When a drive fails in a large cluster and you don't immediately have a
replacement drive, is it OK to just remove the drive from cassandra.yaml
and restart the node? Will the missing data (assuming RF=3) be
re-replicated?
I have disk_failure_policy set to "best_effort", but the node still
fails (ie cassandra exits) when a disk (spinning rust) goes bad.
I do have commit_failure_policy set to stop.
Thank you!
-Joe
On 1/7/2022 4:38 PM, Dmitry Saprykin wrote:
There is a jira ticket describing your situation
https://issues.apache.org/jira/plugins/servlet/mobile#issue/CASSANDRA-14793
I may be wrong but is seems that system directories are pinned to
first data directory in cassandra.yaml by default. When you removed
first item from the list system data regenerated in the new first
directory in the list. And then merged??? when original first dir returned
On Fri, Jan 7, 2022 at 4:23 PM Joe Obernberger
<joseph.obernber...@gmail.com> wrote:
Hi - in order to get the node back up and running I did the following:
Deleted all data on the node:
Added: -Dcassandra.replace_address=172.16.100.39
to the cassandra.env.sh <http://cassandra.env.sh> file, and
started it up. It is currently bootstrapping.

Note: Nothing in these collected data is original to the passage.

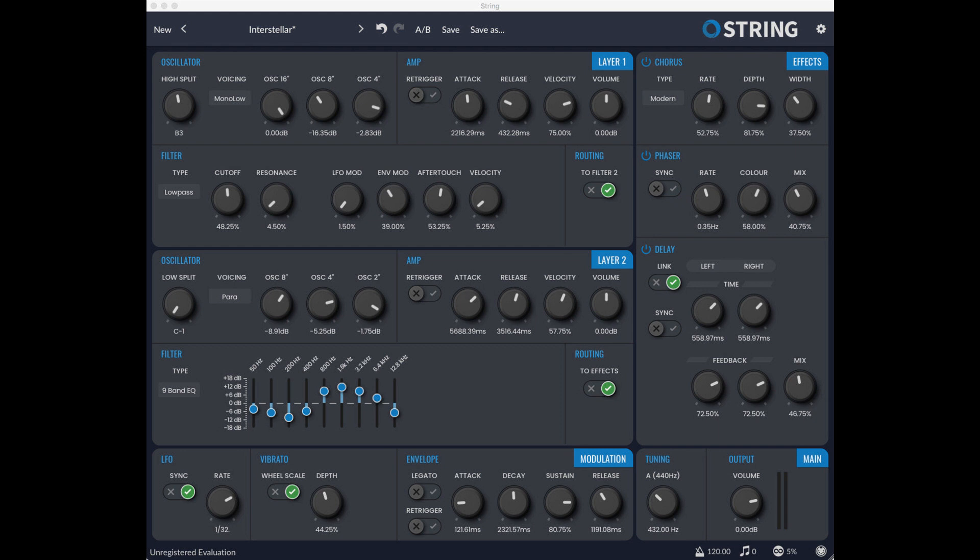Additional presets. Improvements: vastly improved the speed and responsiveness of the preset browser. Can better handle hosts that misreport their buffer sizes. Various minor performance improvements.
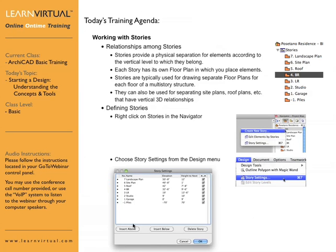Once those settings are open, you can then add or insert new stories above or below, and then define the height between the stories.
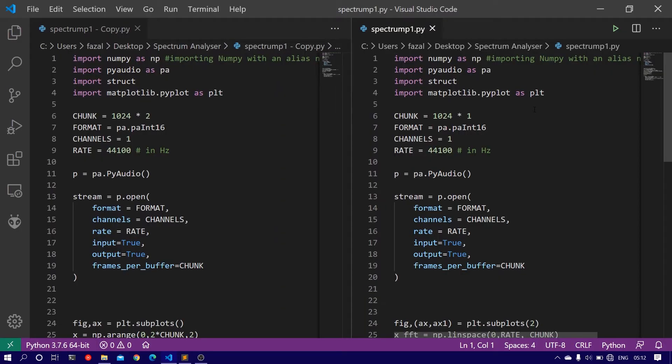Hello everyone, welcome to part 2 of building a spectrum analyzer or visualization tool using Python.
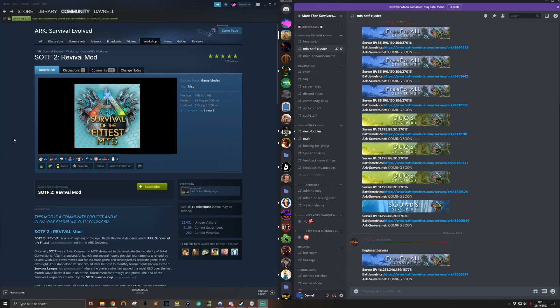Hello everyone, just thought I would do an update to the how to join video for SOTF2 Revival Mod. I'll quickly run through the best way to get all of the servers in the cluster added so you can get on and play. First of all, what you're going to want to do is go to the workshop page.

In cassandra.yaml, say you have the following:
data_file_directories:
- /data/1/cassandra
- /data/2/cassandra
- /data/3/cassandra
- /data/4/cassandra
- /data/5/cassandra
- /data/6/cassandra
- /data/7/cassandra
- /data/8/cassandra
If I change the above to:
# - /data/1/cassandra
- /data/2/cassandra
- /data/3/cassandra
- /data/4/cassandra
- /data/5/cassandra
- /data/6/cassandra
- /data/7/cassandra
- /data/8/cassandra
the problem happens. If I change it to:
- /data/1/cassandra
- /data/2/cassandra
- /data/3/cassandra
- /data/4/cassandra
- /data/5/cassandra
- /data/6/cassandra
- /data/7/cassandra
# - /data/8/cassandra
the node starts up OK. I assume it will recover the missing data
during a repair?
-Joe
On 1/7/2022 4:13 PM, Mano ksio wrote:
Hi, you may have already tried, but this may help.
https://stackoverflow.com/questions/29323709/unable-to-start-cassandra-node-already-exists
can you be little narrate 'If I remove a drive other than the
first one'? what does it means
On Fri, Jan 7, 2022 at 2:52 PM Joe Obernberger
<joseph.obernber...@gmail.com> wrote:
Hi All - I have a 13 node cluster running Cassandra 4.0.1.
If I stop a
node, edit the cassandra.yaml file, comment out the first
drive in the
list, and restart the node, it fails to start saying that a
node already
exists in the cluster with the IP address.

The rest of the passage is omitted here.